■ **DATA BELOW**:
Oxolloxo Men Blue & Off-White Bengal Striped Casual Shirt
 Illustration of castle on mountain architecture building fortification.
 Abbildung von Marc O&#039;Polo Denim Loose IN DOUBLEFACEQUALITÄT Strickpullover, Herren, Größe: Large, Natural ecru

■ **ACTION ITEM**: Starting from the first line above, copy the data through to the last line exactly.

■ **ANSWER BELOW**:
Oxolloxo Men Blue & Off-White Bengal Striped Casual Shirt
 Illustration of castle on mountain architecture building fortification.
 Abbildung von Marc O&#039;Polo Denim Loose IN DOUBLEFACEQUALITÄT Strickpullover, Herren, Größe: Large, Natural ecru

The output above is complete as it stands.